Historically, the answer was linear. As the business grew, so did the team. More contracts meant more lawyers. Increased regulatory pressure meant more senior hires. Complex matters were escalated to external counsel. The model was reactive and, for a time, effective.
That assumption no longer holds.
General Counsel today operate under sustained cost pressure, faster business cycles, and rapidly evolving technology, most notably AI. At the same time, expectations have shifted. They are no longer judged solely on risk management, but on their contribution to measurable business performance.
Against this backdrop, the question of structure begins to change. The question, therefore, is no longer how many lawyers are needed. It is how legal capability should be designed, so it can scale, operate efficiently, and align with the business.
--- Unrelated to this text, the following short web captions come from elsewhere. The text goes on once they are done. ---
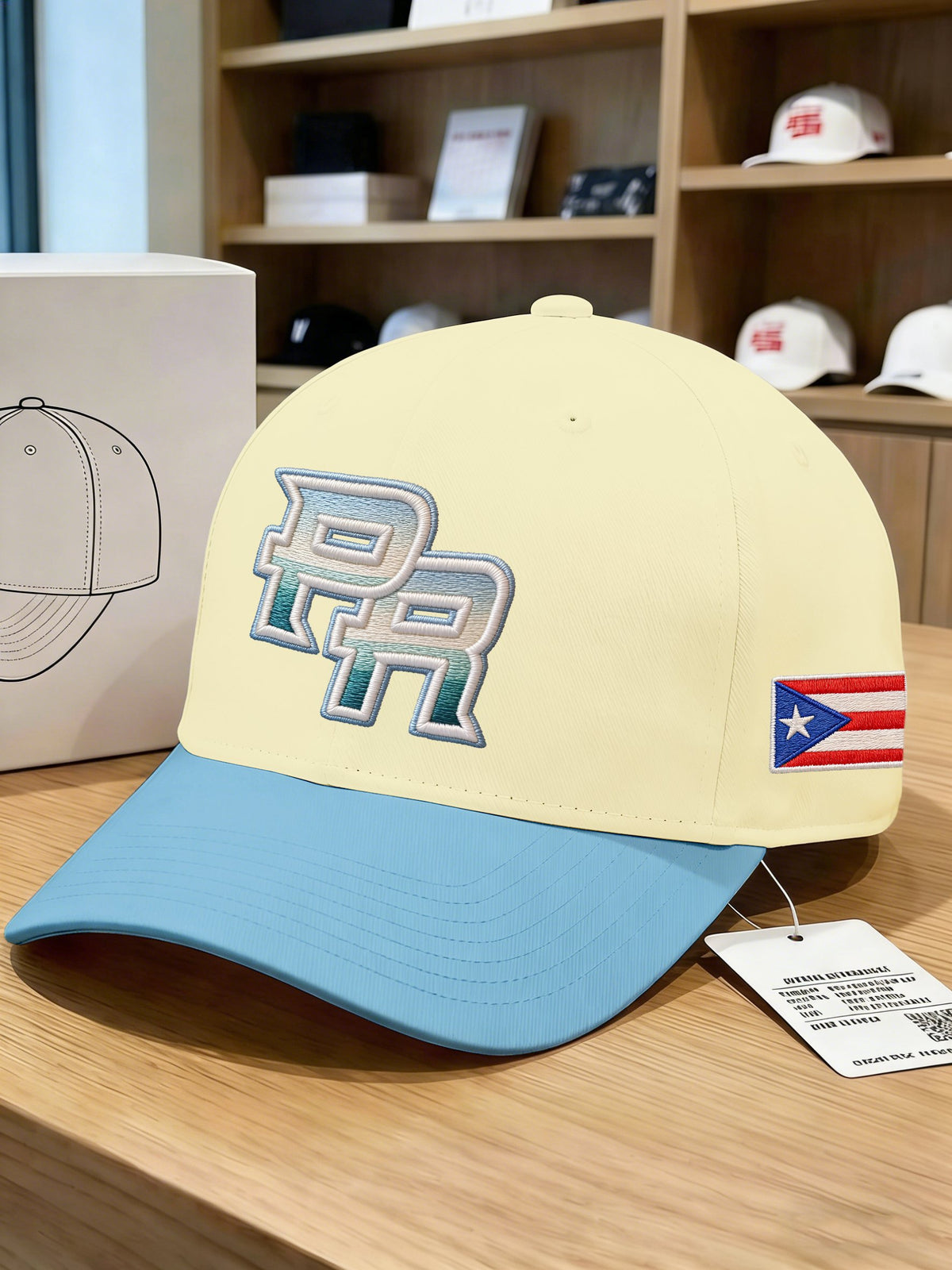 Unisex Casual PR Printed Baseball Cap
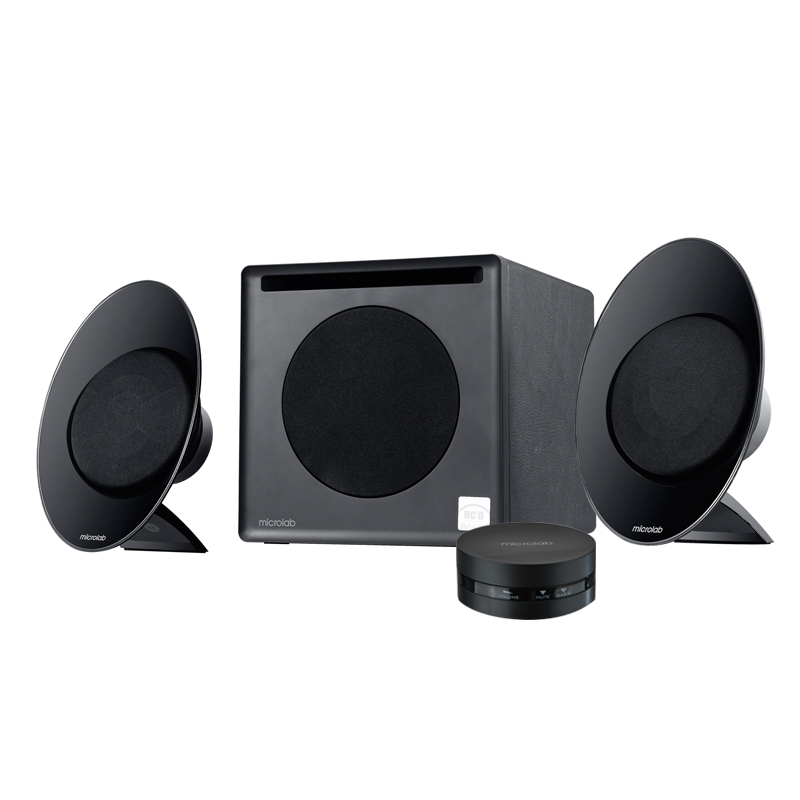 microlab/麦博 fc50台式电脑多媒体音箱 影响2.1低音炮笔记本音响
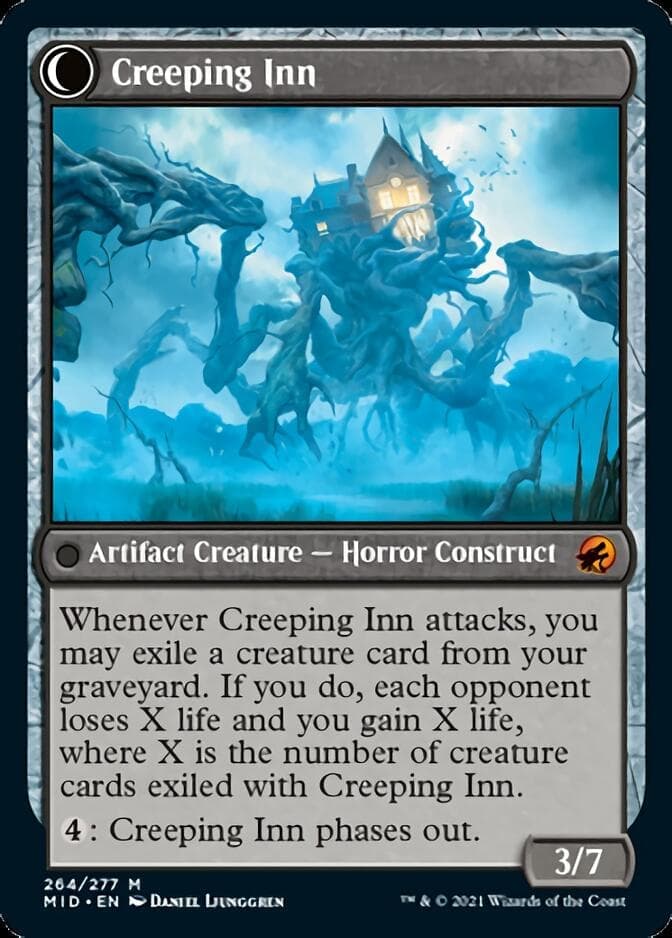 Hostile Hostel // Creeping Inn [Innistrad: Midnight Hunt] Foil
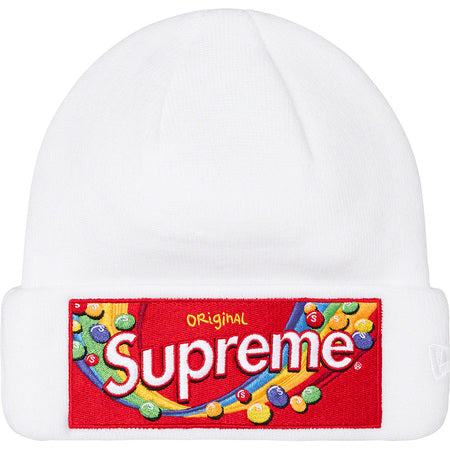 Supreme Skittles Beanie (White)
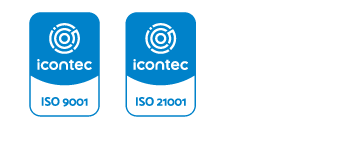 Sellos de calidad ICONTEC que reflejan el compromiso institucional con la calidad educativa.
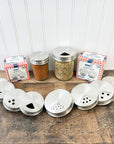Mason Jar Lifestyle - 4 Pack Stainless Steel Spice Lids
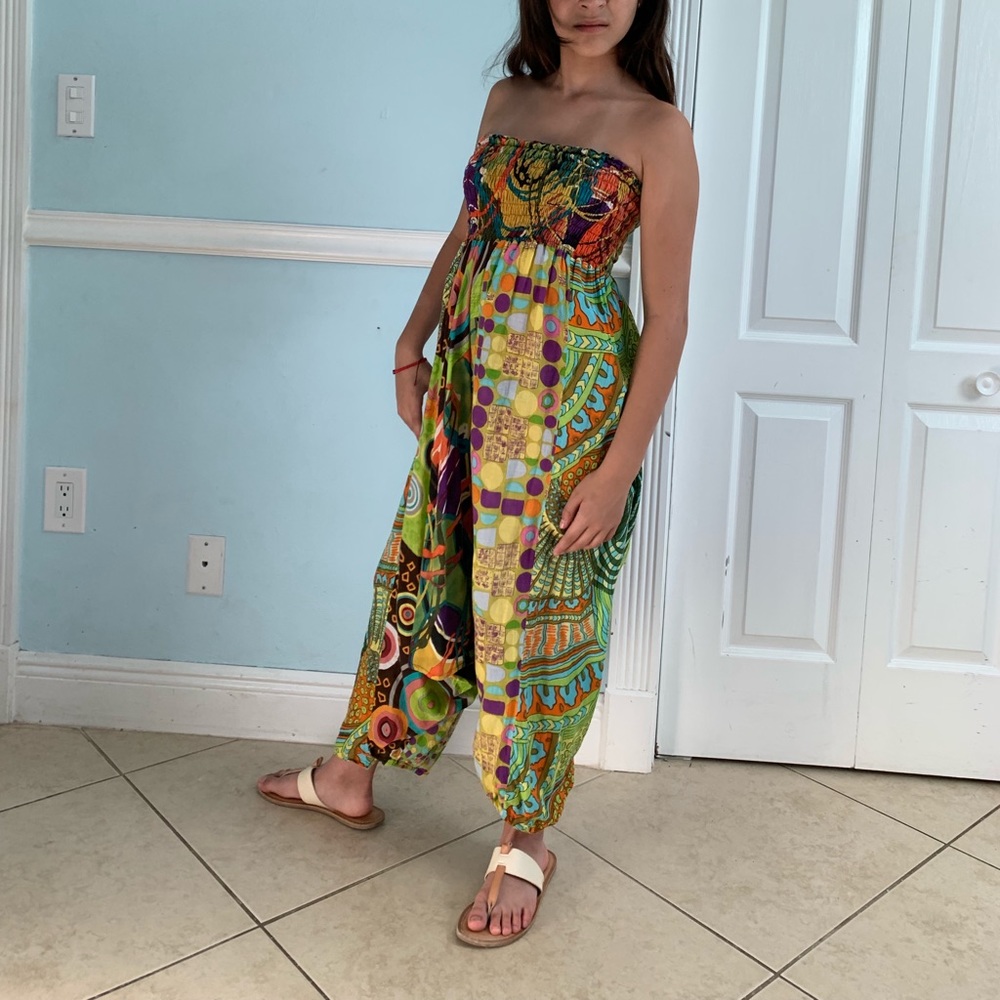 BoHo strapless dress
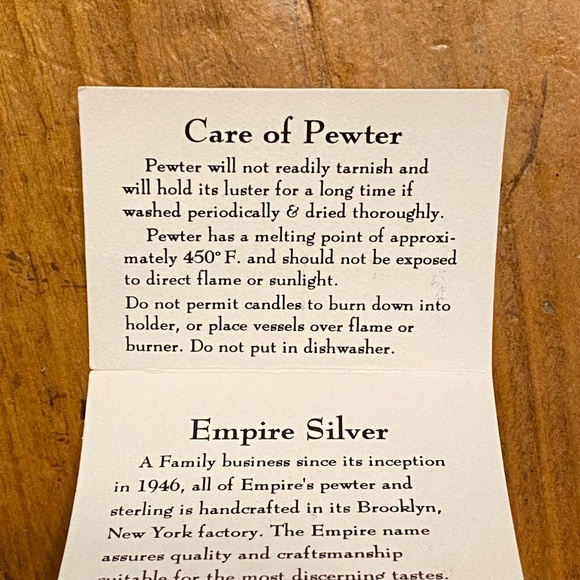 Empire Silver Pewter Baby’s First Tooth & Curl Set - Picture 10 of 10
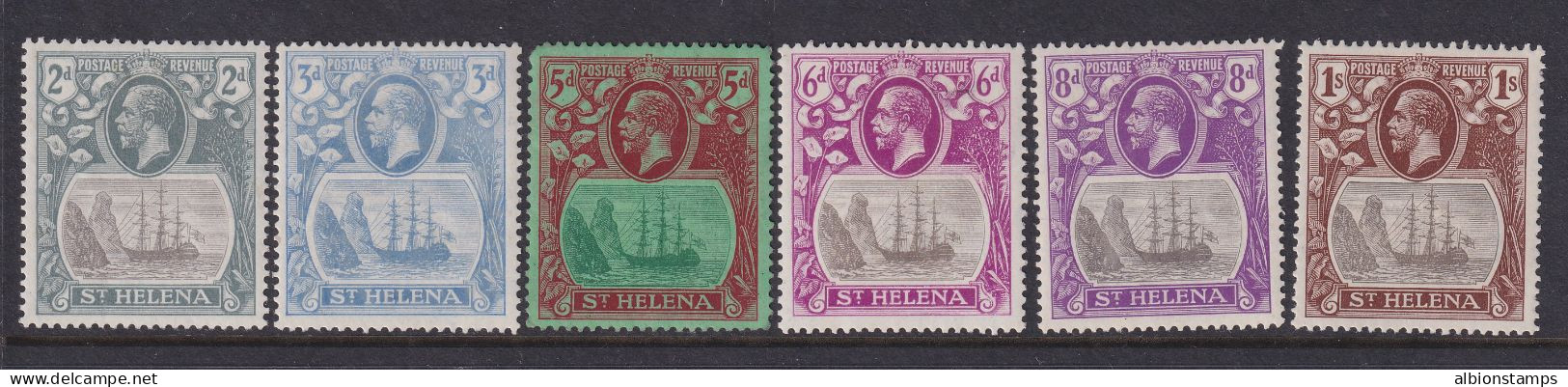 St. Helena, Scott 82-87 (SG 100-106), MLH/HR - Sint-Helena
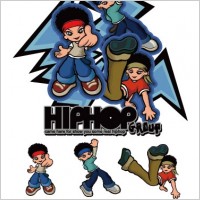 HipHop Silhouettes Free vector in Encapsulated PostScript eps ( .eps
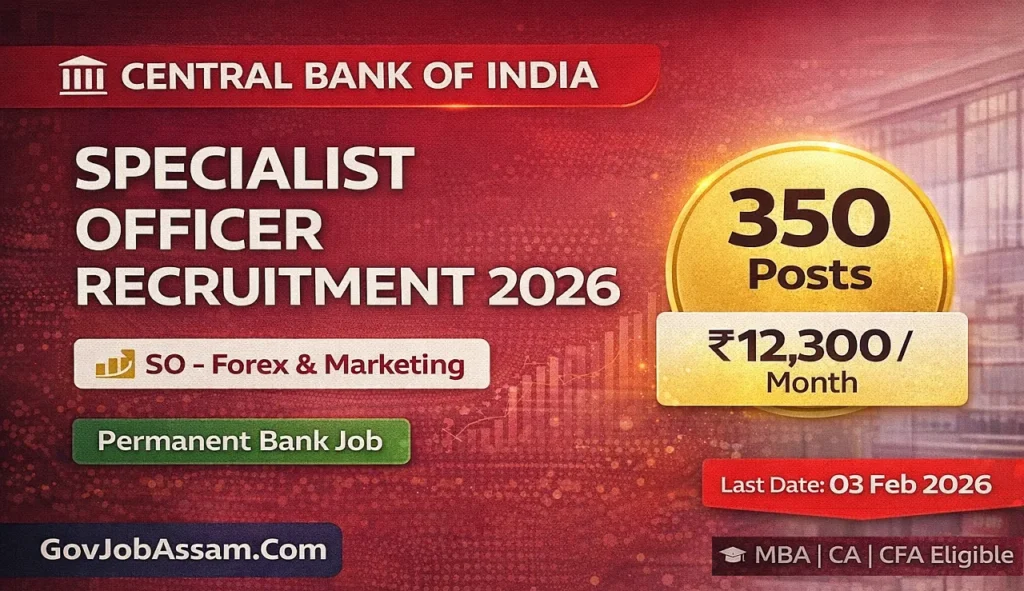 Central Bank of India Recruitment 2026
The Design Problem Most Legal Transformations Miss
Much of the current conversation about AI in legal focuses on technology implementation: which tools to use, in what order, and how to drive adoption.
But there is a prior question that receives far less attention, that even well-implemented AI underdelivers if the underlying model remains unchanged. Work still flows the same way. Senior lawyers still absorb routine demand. The function continues to operate reactively because it was designed to.
The deeper challenge is not what AI makes possible within an existing structure. It is how AI should reshape the structure itself.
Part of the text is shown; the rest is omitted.